Houei-nêng
Sixième patriarche du tch'an
( 638 ~ 28 août 713 au monastère Pao-lin-sseu sur le mont Ts'ao-k'i )
Texte relatant l'envoi par le doyen Chen-sieou de son disciple Tche-teng au monastère Pao-lin-sseu afin qu'il lui rapporte quelle différence il y a entre son enseignement du tch'an et celui du sixième patriarche Houei-nêng.
Chen-sieou disait : « La méthode de Houei-nêng est prompte et directe. Pourquoi vous attarder ici ? » Un jour, il
prit à part son disciple Tche-teng et lui dit : « Toi qui es intelligent et dont les connaissances sont multiples, va donc au
Ts'ao-k'i, rends hommage au maître et écoute son enseignement, sans lui dire que c'est moi qui t'envoie. Souviens-toi bien de ce
que tu auras entendu afin de pouvoir me le rapporter. Ainsi, je verrai qui de lui ou de moi détient la meilleure
compréhension. »
Tche-teng se réjouit de cette mission. Quinze jours plus tard, il était au Pao-lin-sseu. Il rendit hommage au sixième
patriarche et l'écouta attentivement. Mais il advint que, sous sa parole, il connut l'Éveil et communia avec son esprit
originel. Alors, il se leva, s'inclina et dit tout naturellement :
« Maître, votre disciple vient du monastère Yu-tchuan. Sous mon maître Chen-sieou, pendant neuf années, je n'ai pu parvenir
à l'Éveil. Mais, en écoutant votre sermon, j'ai trouvé soudain mon esprit originel. Maître, puis-je solliciter de votre
miséricorde d'être dorénavant mon instructeur ?
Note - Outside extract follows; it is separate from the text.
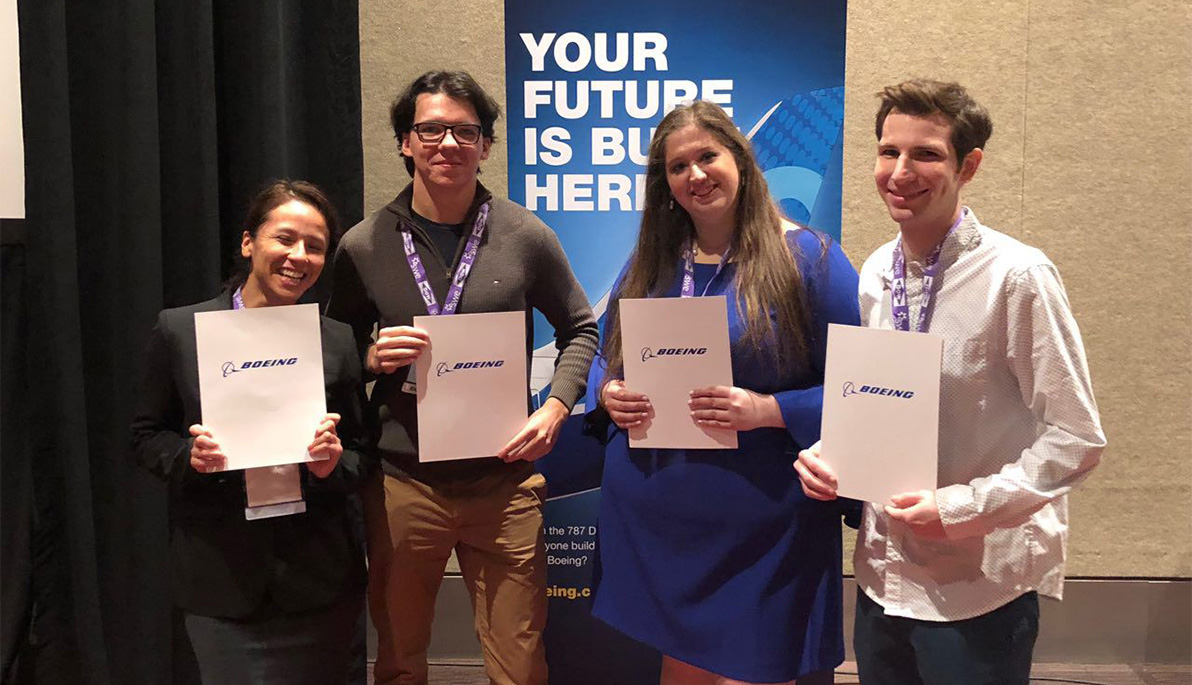 NYIT students holding offer packets from Boeing at the SWE Conference.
- Si tu viens de là-bas, tu es sûrement un espion.
- Lorsque je n'avais pas encore parlé, j'en étais un. Maintenant, je ne le suis plus. »
Alors Houei-nêng l'interrogea :
« J'ai entendu dire que ton maître de dhyâna, lorsqu'il enseigne, ne transmet que discipline, concentration et sagesse.
Qu'entend-il par là ? Dis-le-moi !
- Ne pas mal agir constitue la discipline. Pratiquer le bien est sagesse. Purifier le mental, voilà la concentration. Tel
est l'enseignement au Yu-tchuan. Mais je ne sais pas encore quel est votre point de vue sur ces questions, maître.
- Je n'ai pas, moi, de système. J'agis selon les circonstances et les capacités de chacun. Je tente de délivrer le disciple
de ses liens et d'ouvrir devant lui la terre spirituelle. Affranchie de toute erreur, elle est discipline de la nature propre.
Débarrassée de tout trouble, elle est concentration de la nature propre. Libérée de l'ignorance, elle est sagesse de la nature
propre. Discipline, sagesse et concentration, telles que les enseigne ton maître, sont destinées à des élèves à la
compréhension limitée. Mon enseignement s'adresse à des êtres supérieurs. Ceux qui n'ont pu s'éveiller par eux-mêmes à leur
nature propre sont incapables d'établir discipline, concentration et sagesse véritables.
- Pourquoi, maître, ne peuvent-ils les établir ?
- Seuls ceux qui ont réalisé leur nature propre, se référant sans cesse à la sagesse innée, sont détachés de tout concept,
aussi n'ont-ils rien à établir. Ils ont toute liberté d'aller et de venir. Ils peuvent utiliser tel système, ou se dispenser de
tout système. Ils agissent spontanément de manière appropriée, quelles que soient les circonstances. La nature propre est
subite ; pratique et réalisation sont immédiates, établir est graduel. C'est pourquoi je dis qu'il n'y a rien à établir. »
Tche-teng se prosterna. Il ne quitta plus le mont Ts'ao-k'i.